About
I have spent my life fantasizing about an island only at a distance and often through the gaze of stereotypes conceived and constructed under the direction of colonialism. Through art, specifically painting, I strive to unearth an authentic connection between myself and my ancestry. My work primarily explores themes of diaspora, magical realism, and the societal fetishization of my body as an Afro-Puerto Rican queer person.
I depict a world that is burning because the world is burning. The figures in my oil paintings try to exist in that world by cleansing it or protecting themselves. These figures use tools such as salt circles, oversized rubber cleaning gloves, and the comfort of a lover or animals as they search for acts of personal and environmental salvation. They often empathize or grieve their environment: barren mountains, flaming forest, and other dreamlike dystopian landscapes. I either use shades of red and burnt sienna to reflect my current home of Los Angeles, which has been extremely vulnerable to devastating forest fires or lavish tropical colors of my ancestral home in the Caribbean.

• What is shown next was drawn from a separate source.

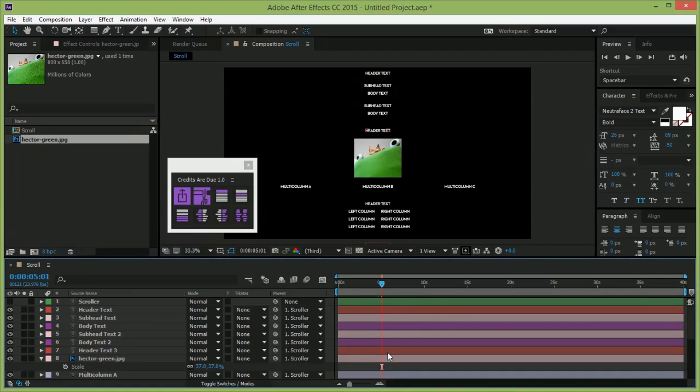This does also mean that if you have bits you don't want to scroll, like a background image, audio track, or maybe some static cards before the scroll starts, you'll need to nest the scroll inside its own pre-comp.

As a second-generation member of the Puerto Rican diaspora, I use magical realism to explore a place I only hold in familial memory. Magical realism defies conventional norms of Western forms and is suited to exploring and transgressing Western artistic or political ideologies. I use the ideas of this genre to gain autonomy over a history that has previously not allowed marginalized artists to guide and reveal their own experiences.
Simone Quiles is an artist residing in Los Angeles, CA. They have exhibited at Hashimoto Contemporary (Los Angeles), TLALOC Studios (Los Angeles), Art Share L.A., Woman Made Gallery Chicago, and the Gene Siskel Film Center (Chicago). Recently, they’ve gained interest in curation. In 2024 they solo curated and produced a 10 person exhibiton Like Sand for Sleepy Eyes.